Quelques-uns de ces acteurs nous ont laissé de précieux témoignages et sont passés à la postérité par l’authenticité et la valeur de leurs éclairages dont certains sont aujourd’hui versés au corpus des ouvrages de contribution à l’écriture de l’histoire algérienne contemporaine.
La majorité, en revanche, reste constituée d’auteurs de textes généraux sur des évènements déjà bien documentés et analysés par les historiens, livrés dans une narration très éloignée des règles du genre que sont entre autres l’information et l’observation personnelles, l’emploi du «je» et la capacité à utiliser sa voix propre afin de faire entendre, singulièrement, celle d’une époque et de son importance pour le roman national.
A rebours de cette tendance, ce que retrace l’ancienne journaliste Elaine Mokhtefi dans «Alger, capitale de la révolution, de Fanon aux Black Panthers», publié en 2019 chez Barzakh en co-édition avec La fabrique éditions, est un bijou mémoriel qu’il faut absolument lire et garder dans sa bibliothèque.
Dans un récit qui marie parfois l’intime au public, la petite et la grande histoires, son auteure, de nationalité américaine veuve de Mokhtar Mokhtefi (ancien de l’ALN et lui aussi rédacteur pour Barzakh en 2016 de mémoires percutantes «J’étais Français-Musulman»), restitue quelques faits majeurs des grandes circonstances qu’elle a vécues durant sa vie algérienne comme militante puis comme journaliste, interprète et organisatrice efficace, pour l’Algérie, d’évènements internationaux.
La lecture de son livre est une invitation à partager avec elle la traversée féconde de trois périodes distinctes : les années 1950 et le combat diplomatique du personnel du bureau du GPRA près des Nations unies à New York où elle a travaillé avec Abdelkader Chanderli, Mohamed Sahnoun, M’hamed Yazid… Tous ces gens qui ont porté, avec peu de moyens, une volonté de fer et un talent fou la voix du pays pour son indépendance partout dans le monde et dans cette Afrique qui brillait des «soleils des indépendances».
Une première partie courte, mais truffée d’anecdotes comme celle relative au congrès de l’Assemblée mondiale de la jeunesse en 1960 à Accra où elle rencontre pour la première fois Frantz Fanon qu’elle décrit sous un aspect nouveau.
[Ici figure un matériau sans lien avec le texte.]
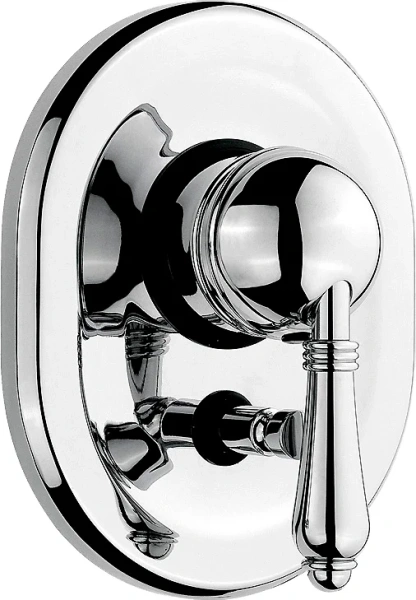 Смеситель для душа встраиваемый, хром, Nicolazzi Cinquanta 3460CR75 (детальная фотография)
Des faits qu’on voudrait qu’ils soient débattus dans nos facultés d’histoire, qui peuvent susciter des dizaines de sujets de recherche.
«Pacte autobiographique»
A travers eux, Elaine Mokhtefi montre que la révolution, c’est d’abord une affaire de conviction, des tonnes d’incertitude, des paris fous et un entêtement à renverser des rapports de force qui ne sont pas en votre faveur, selon Abdelhamid Benzine qu’elle raconte avoir rencontré au cours d’une des nombreuses rencontres internationales progressistes auxquelles elle a participé durant les années 1960 notamment .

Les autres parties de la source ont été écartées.